EXERCISE GOAL: Pictures stay out of the output. Return exactly the lines below from the one with "Royal Doulton HN3280" down to the one with "Trade Shop Trade", both included, and nothing more.

SUPPLIED RECORDS:
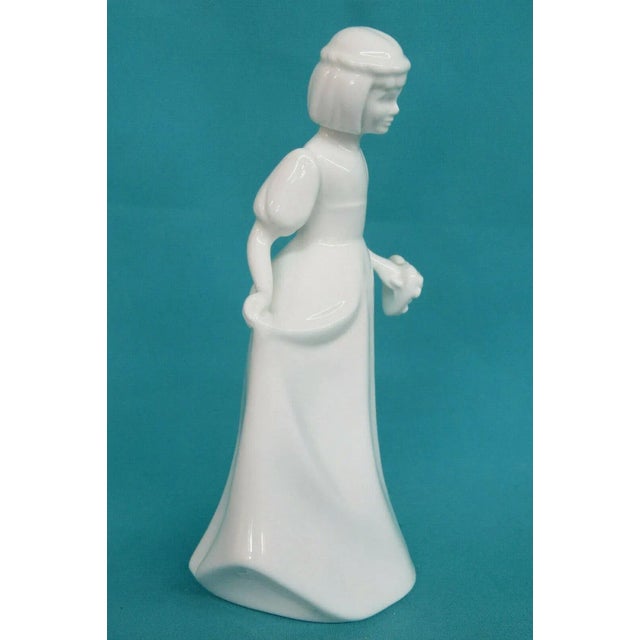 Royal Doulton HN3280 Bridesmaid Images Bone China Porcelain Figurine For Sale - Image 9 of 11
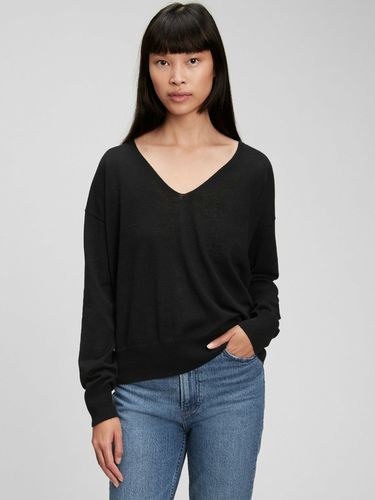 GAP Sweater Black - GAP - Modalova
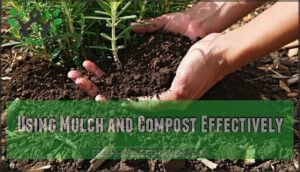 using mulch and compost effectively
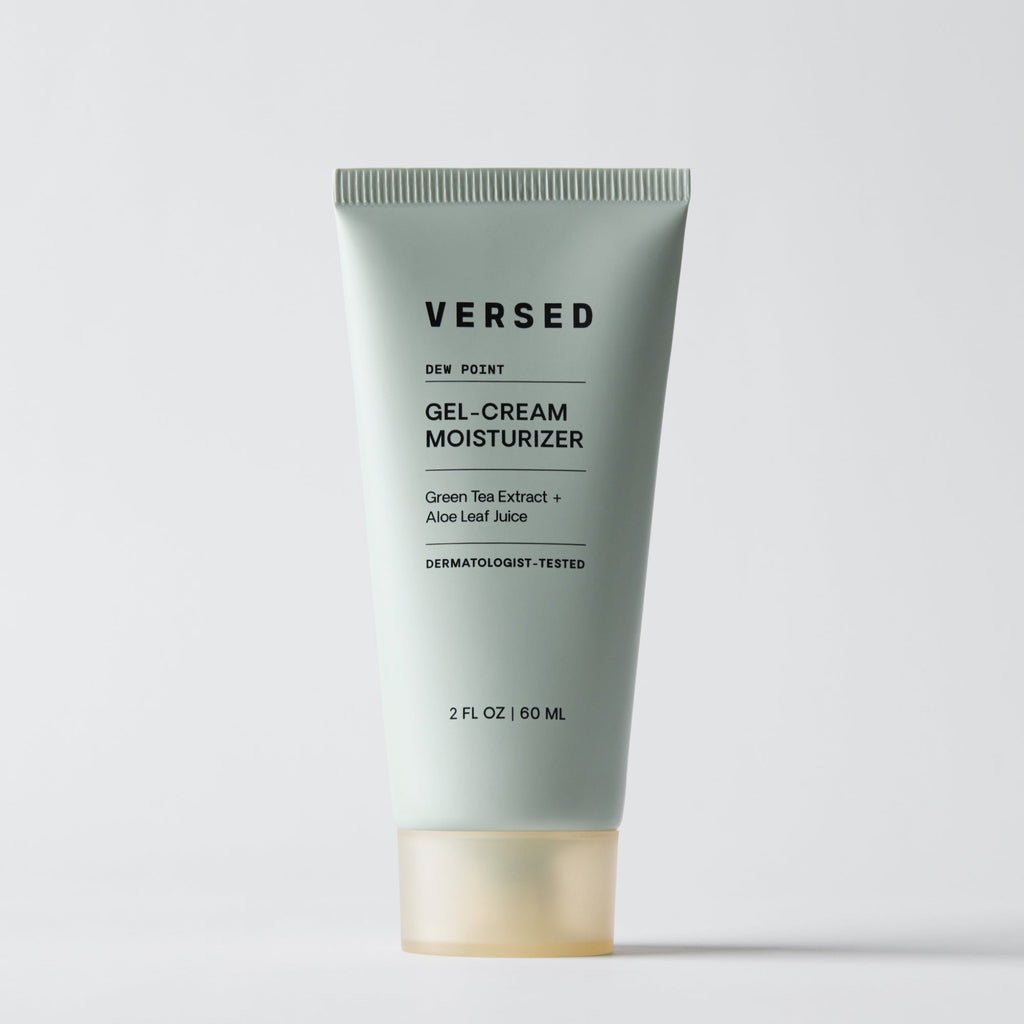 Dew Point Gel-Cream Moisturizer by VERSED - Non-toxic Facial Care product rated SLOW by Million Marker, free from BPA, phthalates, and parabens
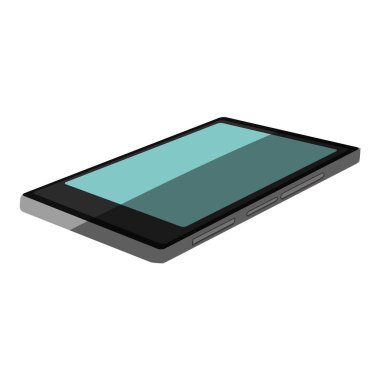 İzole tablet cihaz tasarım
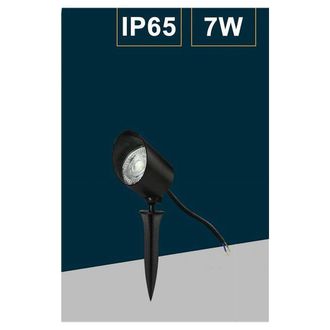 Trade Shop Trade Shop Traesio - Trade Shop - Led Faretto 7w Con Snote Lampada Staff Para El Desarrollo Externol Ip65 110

* * *

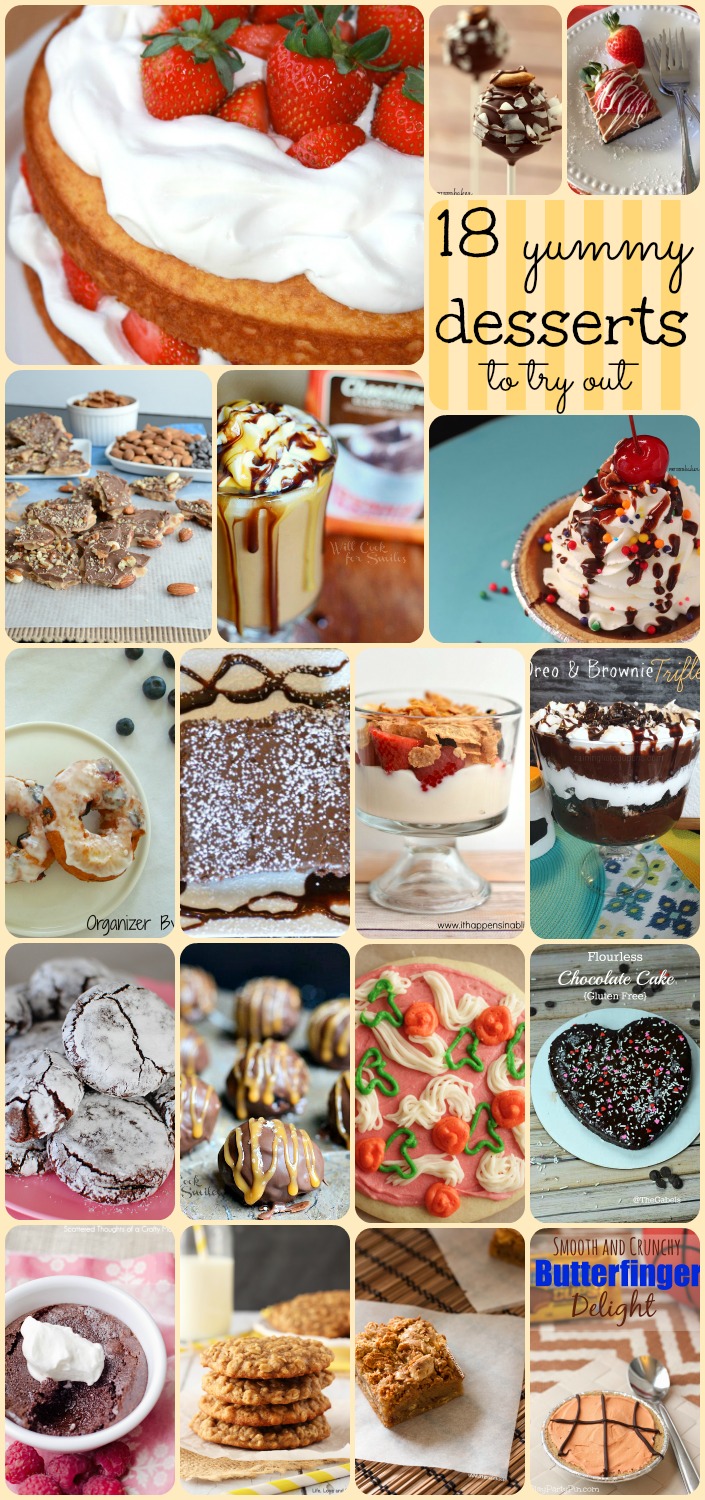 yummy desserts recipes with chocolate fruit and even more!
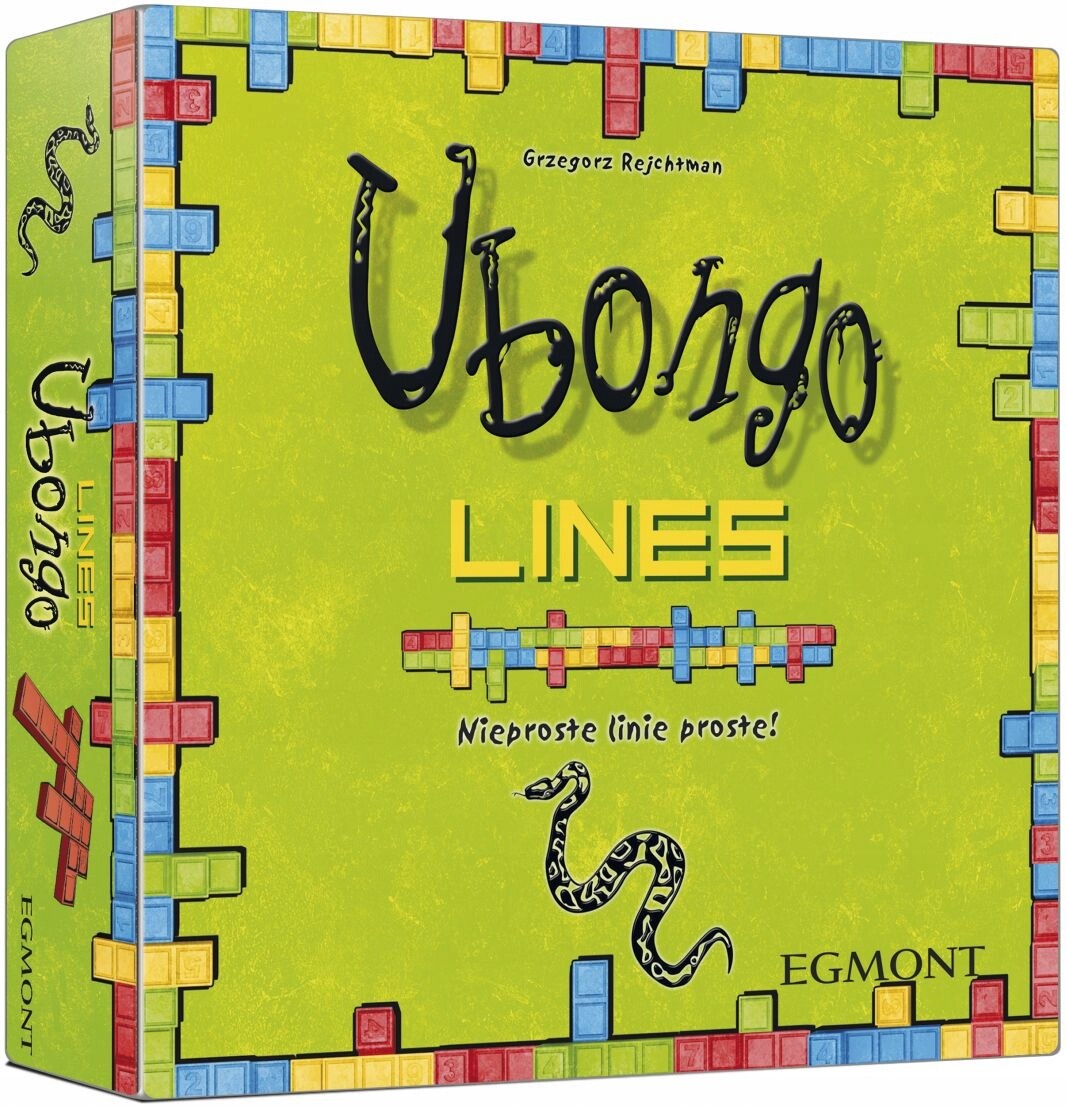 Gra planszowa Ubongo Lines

RESULT FOR THIS TASK:
 Royal Doulton HN3280 Bridesmaid Images Bone China Porcelain Figurine For Sale - Image 9 of 11
 GAP Sweater Black - GAP - Modalova
 using mulch and compost effectively
 Dew Point Gel-Cream Moisturizer by VERSED - Non-toxic Facial Care product rated SLOW by Million Marker, free from BPA, phthalates, and parabens
 İzole tablet cihaz tasarım
 Trade Shop Trade Shop Traesio - Trade Shop - Led Faretto 7w Con Snote Lampada Staff Para El Desarrollo Externol Ip65 110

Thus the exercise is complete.